Figure 9 shows the representative tensile stress-strain curves of the specimens. Despite different preheating temperature levels and different immersion days in alkaline solution, the stress-strain relationships are almost linear in all cases. Figures 9(a) and 9(b) show that the stress-strain curves of Ref and PH_120 specimens obtained at zero days and 100 alkali immersion days are very similar. However, as shown in Figure 9(c), the slope of the tensile stress-strain curve of the PH_200 specimens for 100 immersion days shows slightly lower relationship than that of the zero immersion day (preheated only). For longer immersion periods like 300 days and 660 days, the tensile stress-strain curves are much decreased, compared to those of the zero and 100 alkali immersion days. Also, they show almost identical slope. From the test results, it can be recognized that the elastic modulus (slope of the stress-strain curves) of the GFRP bars is closely related to alkali immersion days, not much related to the preheating levels. Regarding the tensile strength shown in Figure 10, the tensile strength decreases for all testing cases as the immersion time to the alkaline solution increases. Also, there is a big drop in the tensile strength until 300 alkali immersion days. However, after 300 alkali immersion days the tensile strength is slightly decreased. More specifically, the specimen Ref and PH_120 exhibit almost the same tensile strength for all immersion days considered here, while PH_200 specimens provide much less tensile strength than those of Ref and PH_120 specimens until 100 alkali immersion days. After 300 alkali immersion days, however, their tensile strength is almost the same as the other cases.
In order to highlight the relative effects of preexposure to high temperature, the tensile strength and elastic modulus of PH_120 and PH_200 specimens are normalized with the corresponding properties of the Ref specimens and the results are plotted in Figures 11(a) and 11(b). As shown in Figure 11(a), the tensile strength of the preheated specimens is about 90% of Ref specimen tensile strength for 300 alkali immersion days. However, for the specimens tested after 660 immersion days, the tensile strength of the preheated specimens is slightly higher than that of the Ref specimens. Such results indicate that the tensile strength is much affected by the preheating until 300 alkali immersion days, but for longer immersion days the alkaline exposure provides more effect on the tensile strength than the preheating. Figure 11(b) shows that the preheated specimens provide slightly lower elastic modulus than Ref specimens, presenting only 8% maximum difference.
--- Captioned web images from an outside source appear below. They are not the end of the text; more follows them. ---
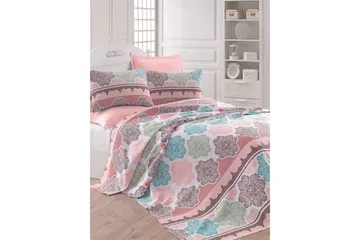 Eponj Home Överkast Enkelt 160x235 cm - Turkos/Rosa/Creme - Textil & mattor - Sängkläder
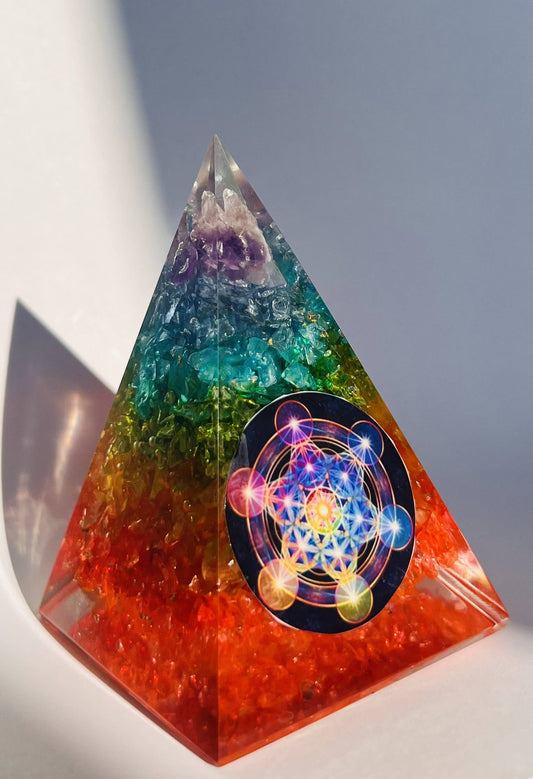 Chakra Bright Nubian Orgonite Pyramid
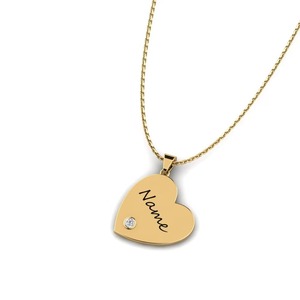 Colgante de Corazón con Grabado de Nombre y Piedra de Zirconia, Plata 925, Aleación de Moissanita, Amuleto Romántico para Regalo Unisex - Product Image 2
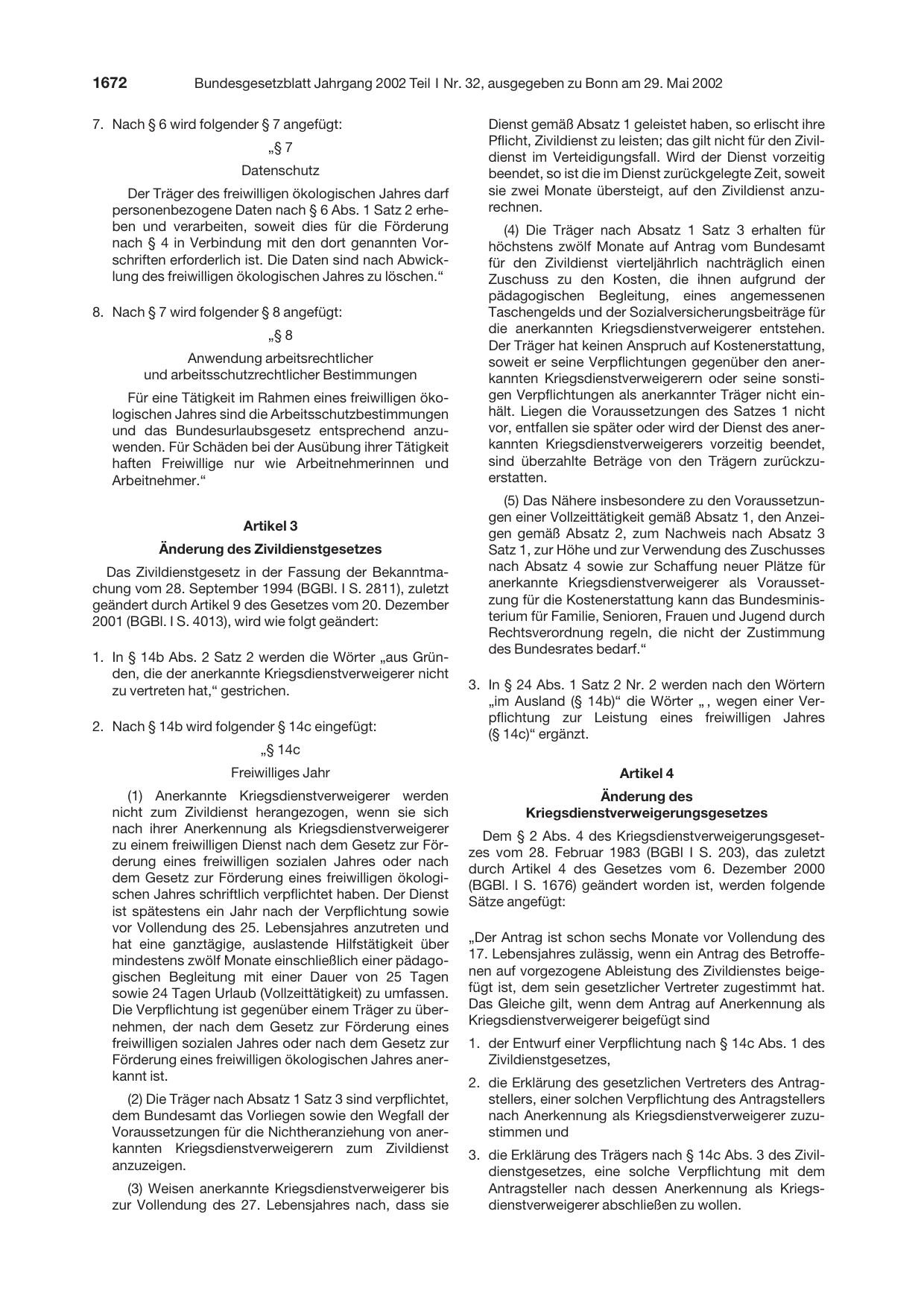 BGBl. 2002, Seite 1672 — Originalseite als Abbildung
3.3. Failure of Test Specimens
Failure of the specimens without immersing into the alkaline solution is shown in Figure 12. The specimens exhibit a typical tensile failure or rupture induced by tensile forces. When the specimens are ruptured, the delamination of the glass fiber strands is observed in almost the same locations where the heating is applied. The failure of the specimens initiates on the resin matrix at the preheating location and followed through the fiber splitting on the outer layer of the specimens. The fibers are completely ruptured at the preheating location at the end of the testing. Figure 13 shows the tensile failure of the specimens immersed in the alkaline solution for 300 days. The specimens are ruptured at their center near to the preheating location. The delamination or separation of the glass fiber strands is developed with a lesser extent (i.e., smaller area), compared to the rupture length of the specimens preheated only. The lesser extent of separation is developed possibly due to the uneven distribution of the tensile force applied to the specimens. This uneven distribution of the tensile force might be caused by the damage of the resin matrix resulting from the long immersion days in alkaline solution.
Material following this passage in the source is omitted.